Recaizade Mahmut Ekrem Bey edebiyatımızın zirvelerinden, sohbetleri tadına doyulmaz ustalarındadır. Düzenli olarak sofralar kurulur, Tevfik Fikret, bestekâr Tatyos Efendi Rahmi Bey gibi dönemim edebiyat ve müzik adamları bir araya gelir, doyumsuz sohbetler edilirdi.
Derken, Recaizade Mahmut Ekrem oğlu Nejat aniden vefat edince, adeta hayata küser, inzivaya çekilir ve arkadaşları da uzun bir süre bu toplantılara ara verir.

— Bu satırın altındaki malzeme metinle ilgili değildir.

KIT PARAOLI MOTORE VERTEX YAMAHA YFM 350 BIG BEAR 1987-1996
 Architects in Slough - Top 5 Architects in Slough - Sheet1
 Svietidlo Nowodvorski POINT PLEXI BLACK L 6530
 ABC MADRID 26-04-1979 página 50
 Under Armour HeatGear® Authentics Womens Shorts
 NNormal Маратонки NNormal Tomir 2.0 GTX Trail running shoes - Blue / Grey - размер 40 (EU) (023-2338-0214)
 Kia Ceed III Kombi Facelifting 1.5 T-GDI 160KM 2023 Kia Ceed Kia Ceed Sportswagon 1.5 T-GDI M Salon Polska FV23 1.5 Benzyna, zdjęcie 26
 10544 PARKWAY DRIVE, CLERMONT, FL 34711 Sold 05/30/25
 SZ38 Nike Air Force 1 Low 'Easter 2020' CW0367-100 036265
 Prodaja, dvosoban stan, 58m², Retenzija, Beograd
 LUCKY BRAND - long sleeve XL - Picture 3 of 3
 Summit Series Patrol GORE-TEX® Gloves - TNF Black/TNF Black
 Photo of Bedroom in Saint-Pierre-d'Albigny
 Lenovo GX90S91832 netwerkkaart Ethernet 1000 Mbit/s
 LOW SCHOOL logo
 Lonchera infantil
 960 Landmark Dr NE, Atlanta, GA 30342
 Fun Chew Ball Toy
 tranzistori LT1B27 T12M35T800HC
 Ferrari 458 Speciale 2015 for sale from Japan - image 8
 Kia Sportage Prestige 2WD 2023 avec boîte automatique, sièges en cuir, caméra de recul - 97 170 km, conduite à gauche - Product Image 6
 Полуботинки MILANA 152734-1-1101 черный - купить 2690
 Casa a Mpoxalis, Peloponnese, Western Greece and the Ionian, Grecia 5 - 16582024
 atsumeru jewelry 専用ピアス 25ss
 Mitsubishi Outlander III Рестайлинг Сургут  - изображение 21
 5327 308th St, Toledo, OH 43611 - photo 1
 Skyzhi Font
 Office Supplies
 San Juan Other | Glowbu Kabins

Ama hayat devam eder. Çok uzun zaman sonra bu sofralar tekrar kurulmaya, edebiyat ve musiki sohbetleri de yapılmaya başlar. Bu sürede Recaizade Ekrem kırlarda avare avare dolaşıp, acısını yaşamaya çalışmıştır.
Bu sürede “Gül hazin sümbül perişan” diye başlayan şiirini yazar ve bestelemesi ricasıyla Rahmi Bey’e verir.
Aradan uzun bir zaman geçer ama Rahmi Beyden ses çıkmaz. Bir akşam tesadüfen bir dost meclisinde karşılaştıklarında Ekrem Bey; “Acaba Rahmi Bey lütuf buyurdular mı,” diye sorar.
Rahmi Bey büyük bir mahcubiyet içinde başını öne eğerek, “Âcizane bir şeyler yaptım efendim, arzu ederseniz icra edeyim,” der.
O esnada Tevfik Fikret ve Kemani Tatyos Efendi de oradadır. Rahmi Bey uzun ceketinin cebinden neyini çıkarıp, birkaç makamda dolaşır ve Bayati makamında karar kılarak eseri icra eder.
Gül hazin sümbül perişan Bâğzârın şevki yok.
Derdnak olmuş hezar-ı nağmekarın şevki yok.
Başka bir haletle çağlar cuyibarın şevki yok.
Ah eder, inler nesim-i bikararın şevki yok.
Geldi amma neyleyim sensiz baharın şevki yok!
Eserin icrası biter. Herkes adeta büyülenmiştir. Tatyos Efendi, kalkar ve Rahmi Bey’in ellerinden öper.
İşte o devrin nezaketi, inceliği, zarafeti.
Recaizade Ekrem oğlunun acısı hiç unutamamış onun için şiirler yazmıştır. “Ah Nijad” isimli şiiri, evladını kaybeden bir babanın acısını anlatan bir şaheserdir ki, okumaya bile yürek dayanmaz.